Corrosion of copper exposed to water-in biodiesel-diesel emulsion fuel stabilized with polyglycerol polyricinoleate emulsifier

Abstract

Despite emulsification of water in-diesel can decrease harmful exhaust emissions, unstable emulsion can result in formation of free water which can accelerate metal corrosion in the fuel delivery system of a diesel engine. This study aimed to formulate and assess stability of 5 vol% water in 5 vol% biodiesel in diesel emulsion fuel (W5B5) and investigate its effects towards copper corrosion. Stable W5B5 was successfully prepared with 3 vol% polyglycerol polyricinoleate (PGPR). After 1200 h of storage, W5B5 remained stable, indicated by mean droplet diameter of 627.6 ± 7.5 nm, sedimentation index of ∼3 %, and absence of free water formation.
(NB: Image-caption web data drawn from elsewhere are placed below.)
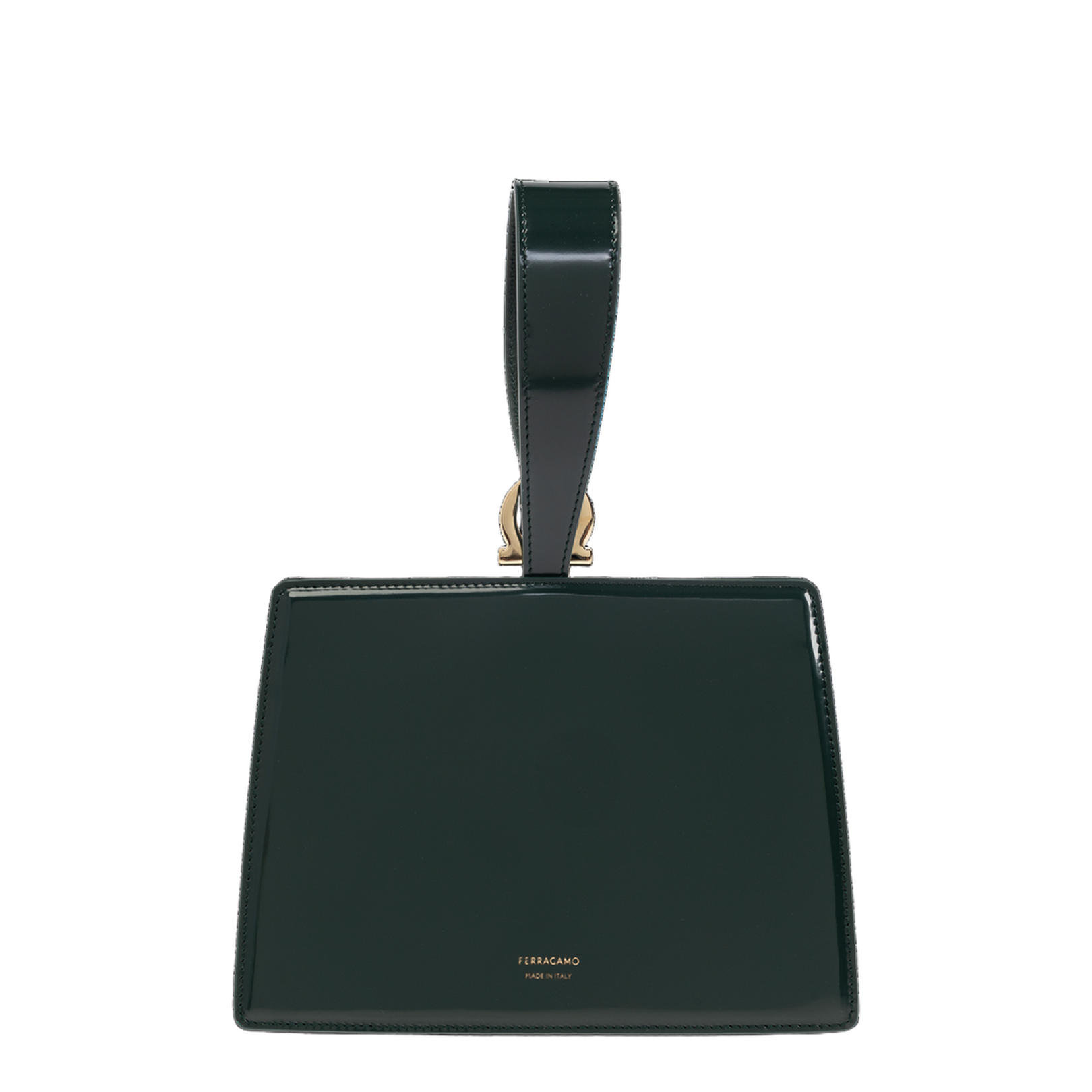 Gancini Mini Handbag
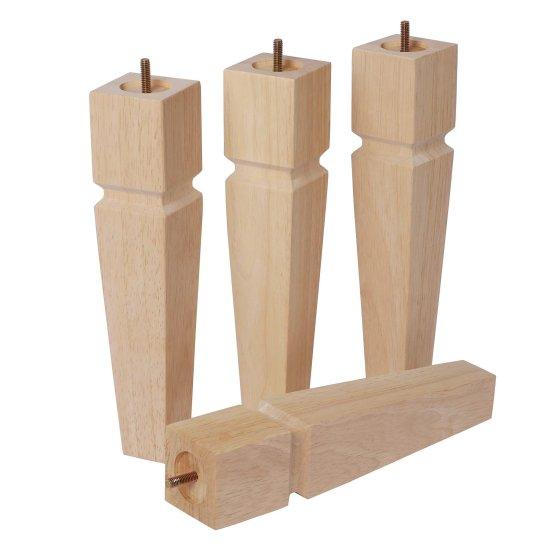 30 Cm Mobilya Ayağı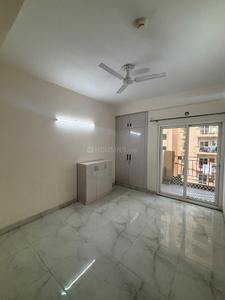 Bedroom Image of 1365 Sq.ft 3 BHK Apartment / Flat for rent in Dev Sai Sports Home, Noida Extension Greater Noida for Rs. 27000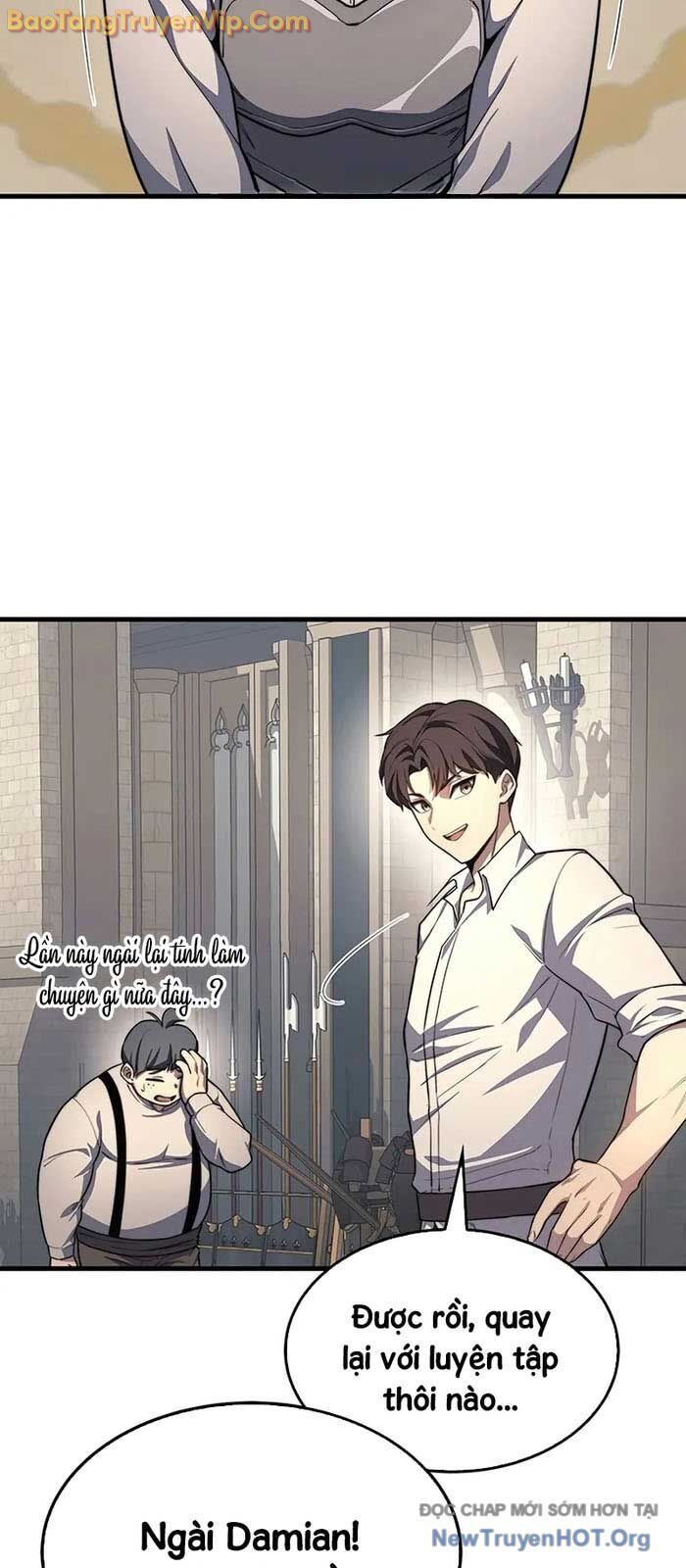 Sự Trở Lại Của Kỵ Sĩ Tử Thần Cấp Thảm Hoạ Chap 22 - Next Chap 21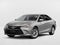 2016 Toyota Camry 4dr Sdn I4 Auto LE (SE)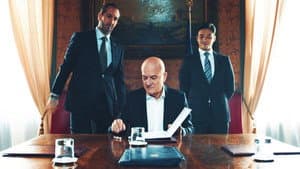 Bentornato Presidente — foto 2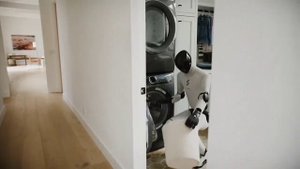 Стартап Figure показал обновлённых роботов-дворецких.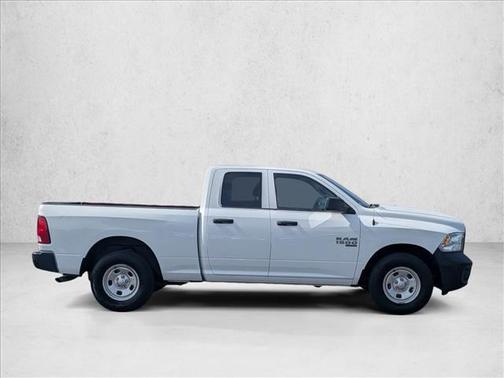 2019 RAM 1500 Tradesman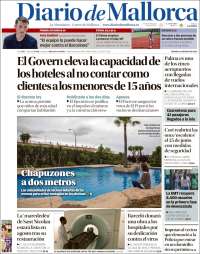 Diario de Mallorca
Upon exposure to copper, mean droplet diameter of W5B5 increased by 2.7 times compared to prepared W5B5. Viscosity and total acid number (TAN) values of copper exposed W5B5 increased by 26 % and 270 %, respectively, indicating enlargement of water droplets and degradation of fuel during immersion. Corrosion rate of copper exposed to W5B5 decreased by 92 % between 240 and 1200 h of immersion. Corrosion rate of copper in W5B5 was 5.5 times and 3.0 times higher diesel and biodiesel, respectively. Higher initial TAN of W5B5 than other fuels, attributed to addition of PGPR to form stable water-fuel emulsion, influenced the higher corrosion rate observed in W5B5 compared to other fuels. To minimize corrosive nature of W5B5, future research should focus on developing stable formulation with low initial acidity value comparable to or even lower than biodiesel. The contribution to knowledge from the study yielded valuable insights into the stability of emulsion fuel, corrosion behaviour, and impact of emulsifier acidity on corrosion rates.